Güldner: Das muss so schnell wie möglich passieren. Das gilt sowohl für die Schaffung neuer Zeugungskapazitäten – gerade die Windindustrie redet ja auch drüber, was sind die Rahmenbedingungen für Offshore-Wind zum Beispiel. Wenn es um Gaskraftwerke geht, da sind wir wieder bei Herrn Rösler auf der Gasplattform, die ja zum Beispiel in Bayern einen Teil des entfallenden Kernenergiestroms ersetzen sollen. Dann muss man hier auch sehen: Was sind die Investitionsanreize für Deutschland, für Gaskraftwerke in Deutschland? Es geht aber auch drum, in die Investitionen, in die Netze! Auch hier brauchen wir gesicherte Rahmenbedingungen, sonst werden die Investoren nicht schnell genug diese Investitionen tätigen. Und wir brauchen natürlich Verwaltungsabläufe, die es gestatten, diese Netzausbauten so zügig wie möglich zu machen – es ist ja ein Gesetz hier auch mit verabschiedet worden, aber wir werden sehen, wie sich das in der Praxis dann umsetzen lässt.

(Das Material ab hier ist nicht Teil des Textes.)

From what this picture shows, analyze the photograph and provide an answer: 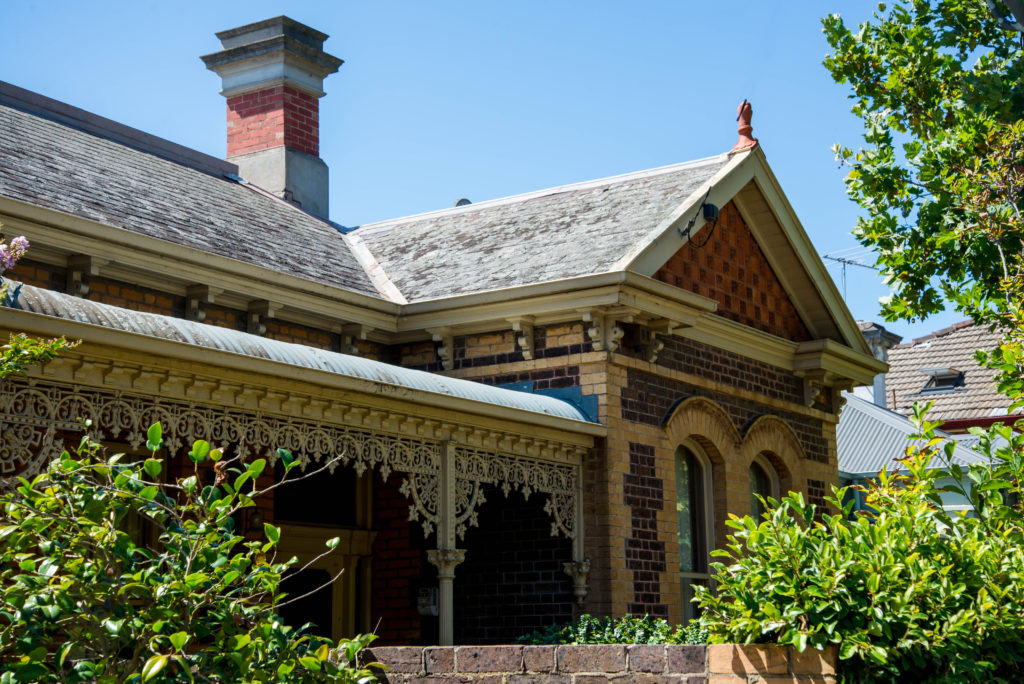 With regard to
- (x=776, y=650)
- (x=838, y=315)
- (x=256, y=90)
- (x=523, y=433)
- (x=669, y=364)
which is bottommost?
(x=776, y=650)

Welty: Einschätzungen von Ralf Güldner, Präsident des deutschen Atomforums. Danke dafür!

Güldner: Bitte sehr!


Äußerungen unserer Gesprächspartner geben deren eigene Auffassungen wieder. Deutschlandradio macht sich Äußerungen seiner Gesprächspartner in Interviews und Diskussionen nicht zu eigen.